Rigg thought about this. “If they have resistance to disease, then why is their life expectancy so low?”

“They develop resistance to each disease. But the newer the disease, the more people it kills with each resurgence. And some of them mutate, so that people who lived through one iteration have no defense, or little defense, against its successor.”

“I hate to be offensive, but this makes me wonder what’s hiding there. What you don’t want me to see.”

“What’s hiding there is death, and what I don’t want you to see is the inside of your coffin lid.”

“So you keep me out of Janefold with a threat of plagues.

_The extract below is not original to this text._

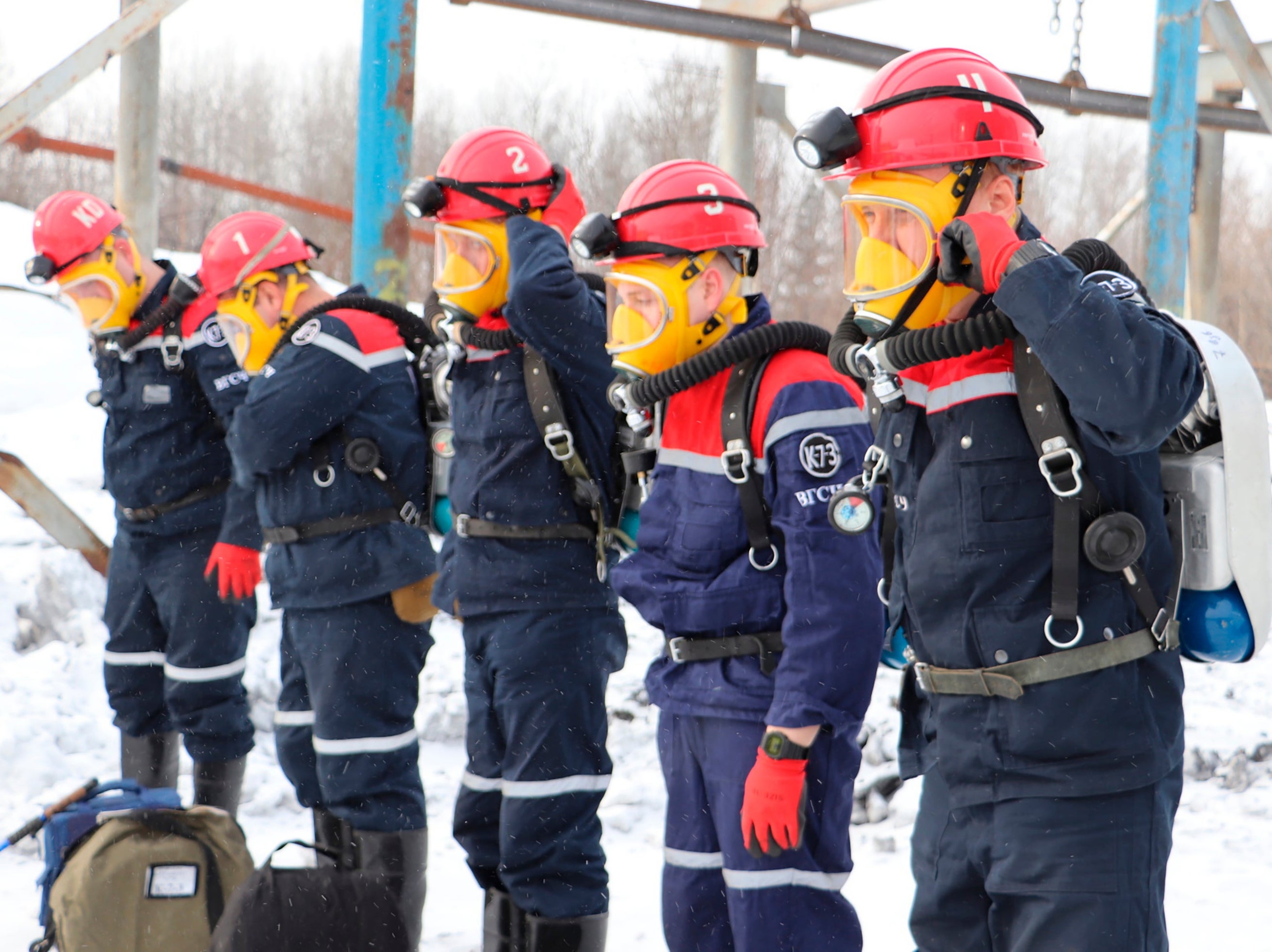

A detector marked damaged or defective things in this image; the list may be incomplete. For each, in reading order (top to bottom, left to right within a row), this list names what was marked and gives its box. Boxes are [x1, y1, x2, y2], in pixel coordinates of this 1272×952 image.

What will be the excuse the next time you want me not to visit a place? Earthquakes? Really bad weather? Ill-behaved children?”

“This is how the world works,” said Ram Odin. “It happened on Earth. There were a couple of places that spawned plagues that covered the world, because trade routes connected them to everybody. But there were other places that were cut off. The Americas didn’t spawn a lot of diseases because population density never got that high, and because there weren’t a lot of primates to incubate diseases that would be particularly apt to kill humans. When people from Eurasia landed there, those worldwide diseases, in combination, had a killoff of about ninety percent of the locals.”